Like so many of his fellow Cuban ballplayers in the MLB, Fernández had overcome unthinkable obstacles in his quest to come to the United States and eventually – he hoped – become a major league pitcher. And indeed, after finally making it to the US at 15 years old, it wasn’t long before Fernández joined the Miami Marlins organization as a first-round draft pick in 2011.

From there, Fernández moved swiftly up the ranks of the minor leagues before making a rare hop from A+ League ball onto the Marlins starting roster at only 20 years old. Over the course of the 2013 season, the young right-hander methodically worked his way into the record books for a number of stats and rightfully earned himself a National League Rookie of the Year Award. In subsequent seasons, Fernández was dogged by injury but managed to set even more records in the 76 games he played before his death, including most consecutive wins at home by a single pitcher.

But beyond his preternatural baseball abilities, Fernández stood out to baseball fans and players alike for his strength of character and the unrivaled joy with which he approached the game. Such reflections were the unifying thread in a series of elegies made over the weekend that were perhaps best encapsulated by the words of Marlins general manager Don Mattingly. Choked up from emotion and holding back tears, Mattingly said of Fernández: “You just see that little kid you see when you watch kids play Little League. That’s the joy that Jose played with, and the passion he felt about playing.”

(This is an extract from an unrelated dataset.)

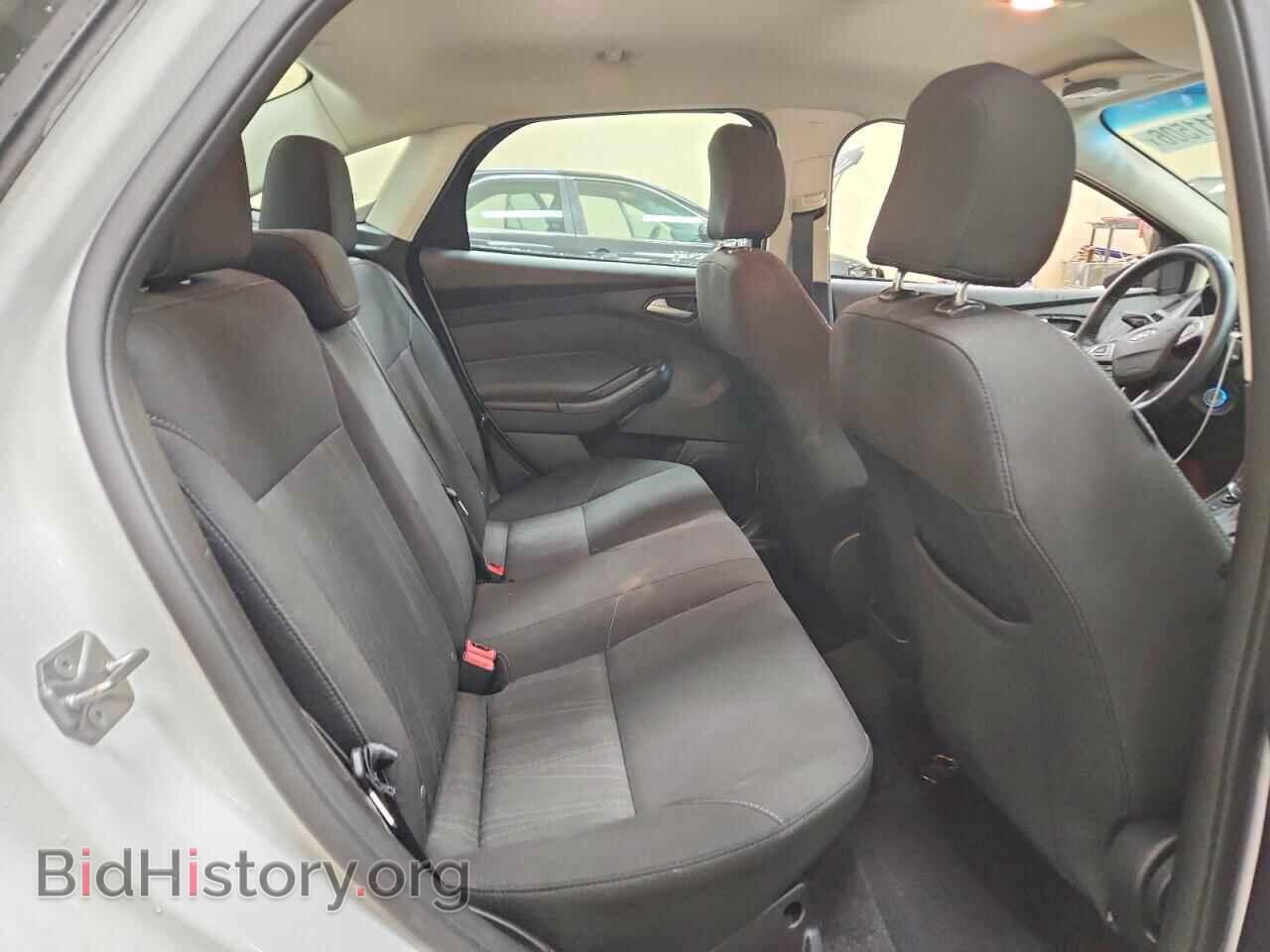 2017 FORD FOCUS - VIN: 1FADP3F27HL340852 - Фото 10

Since his death, many have highlighted the resilience he and his family showed on their three failed attempts at fleeing Cuba, which earned a teenage Fernández prison time on the island; and his heroism when, on the daring maritime journey that would ultimately bring him to the United States, his mother fell overboard during a bout of bad weather and he dove in to save her.

Then of course, there was the unconditional love and affection he showed toward his grandmother, Olga, with whom he reunited after the Marlins negotiated a two-year visa that allowed her to come over from Cuba in 2014. A highly publicized video documenting their emotional first reunion since Fernández left the island won the hearts of baseball fans all over Florida and beyond, while cementing the promising young player as an emblem for the struggles of Miami’s Cuban immigrant community.

In all, there’s no question that Fernández was poised to be one of baseball’s all-time greats, and at only 24, the young man had already begun to forge his legend both on and off the field. His passing will undoubtedly be remembered as one of the great losses to history of baseball, and more acutely, to the history of Cuban peloteros in the MLB.